Más amigos, más abrazos, ese cielo que planean unas aves que me parecen zopilotes aura, ese cielo de sierra occidental, micrófonos que se encienden y se apagan, más libros.
Y la bolsa que se va llenando también de burbujas de ego, del registro de lo humano, escritores que nos queremos y nos abrazamos pero que, lo sabemos bien, hablaremos mal unos de otros en las pequeñas mesas del desayuno, con los últimos mezcales de la noche, con lo botella de vino a medio terminar.
El ritual de encontrarnos en el elevador con las ojeras cada vez más profundas y con la alegría de una nueva mañana presentir nuevas amistades, nuevas querencias, nuevos partners in crime. Lectores que te saludan, que te dictan su nombre con cuidado para que no te equivoques en la dedicatoria. Un tenaz desorden que se impone sobre los protocolos porque no queremos perder la alegría, no queremos.
Que ahí viene ómicron, en el fondo sabemos que nos la estamos jugando, pero cómo cancelar todo lo que ya se había planeado, cómo detener la vida luego de casi dos años atrapados en la pulcritud de las pantallas.
Preguntar por la mejor torta ahogada, olvidar que tienes la edad que tienes, que ya no devoras como antes y, soberbia, ordenar la más grande, la más picosa, la más surtida. No poder comer ni la mitad, asumir la derrota como la has asumido ante la necesidad de controlar ya cualquier cosa.
Que no, que nadie acabará con los libros aun cuando nosotros acabemos con nosotros mismos.
Veinticinco mil personas que vienen cada día a buscar libros, a interactuar con sus escritores y a cosechar una firma donde puedan leer su nombre que sella el pacto de la complicidad entre dos soledades, la de quien escribe y la de quien lee.
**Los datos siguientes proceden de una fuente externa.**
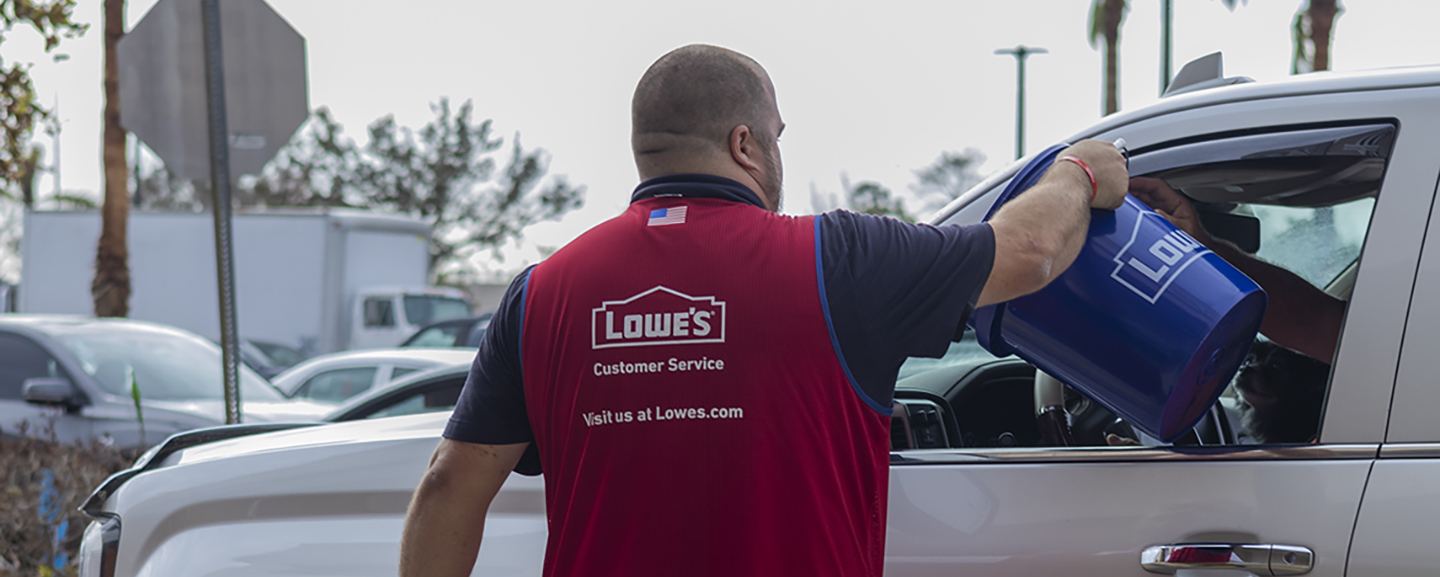 Lowe's associate handing out disaster relief supplies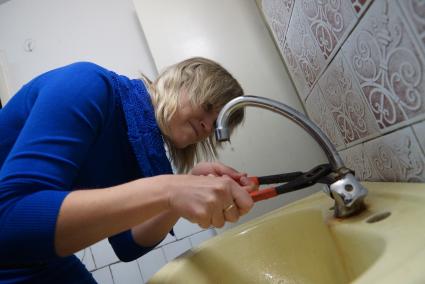 Екатеринбург. Девушка с разводным ключом пытается отремонтировать водопроводный кран.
Con esa firma la ceremonia se ha completado.
Qué haría Gengis Kan con un ejército de veinticinco mil miembros.
O Alejandro Magno.
O el Caballero de la triste figura.
Sobre todo el Caballero de la triste figura, tal vez se volvería más loco, si cabe, rodeado de todos estos insanos libros que cuentan un mundo alterno, ficticio, tierras prometidas, paraísos de la mentira, imperios de belleza.
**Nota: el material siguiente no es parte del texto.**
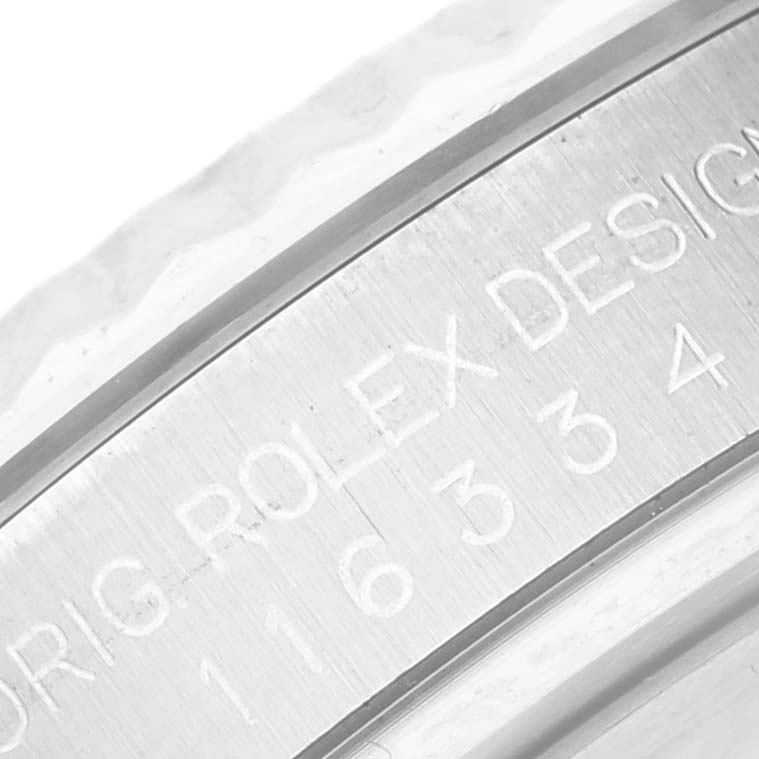 This close-up image shows the engraved serial number on the inner bezel of a Rolex Datejust 41 116334 Men
s Stainless Steel Blue Dial 116334 Men
s Stainless Steel Blue Dial watch.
Me emociona todo, me emborracho con el café de la mañana, con el mareo de las voces del coro de Babel, con los abrazos cada vez más fermentados del delirio de estar aquí de cuerpo presente, con mi alforja que carga letras llenas de estados alterados de conciencia.
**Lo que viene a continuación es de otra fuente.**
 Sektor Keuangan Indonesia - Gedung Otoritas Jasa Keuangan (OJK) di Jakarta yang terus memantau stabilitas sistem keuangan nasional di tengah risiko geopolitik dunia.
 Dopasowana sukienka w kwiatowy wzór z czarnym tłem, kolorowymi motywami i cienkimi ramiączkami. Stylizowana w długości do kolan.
Me emborracho de la luz del cielo de esta ciudad, de los árboles tan desnudos, tan proféticos como los libros, tan incómodos para la muerte.
Los que creo que son zopilotes sobrevuelan frente al cristal del mastodóntico hotel que se refleja junto al mío, pero nos encuentran vivos.
Y ya es diciembre, y me emborracho de calendario, de no poder creer todo lo que ha sucedido en los últimos dos años que no se parecen a ninguno o que se parecen a todos juntos. Y probablemente cuando termine de escribir este texto me daré cuenta de que ya es 2022.
Ahora me emborracho de sorpresa, de escándalo ante la belleza que es la vida.
Y, por favor, que nadie se ofenda. Que nos perdonen el delito de vivir, por unos días, sin miedo.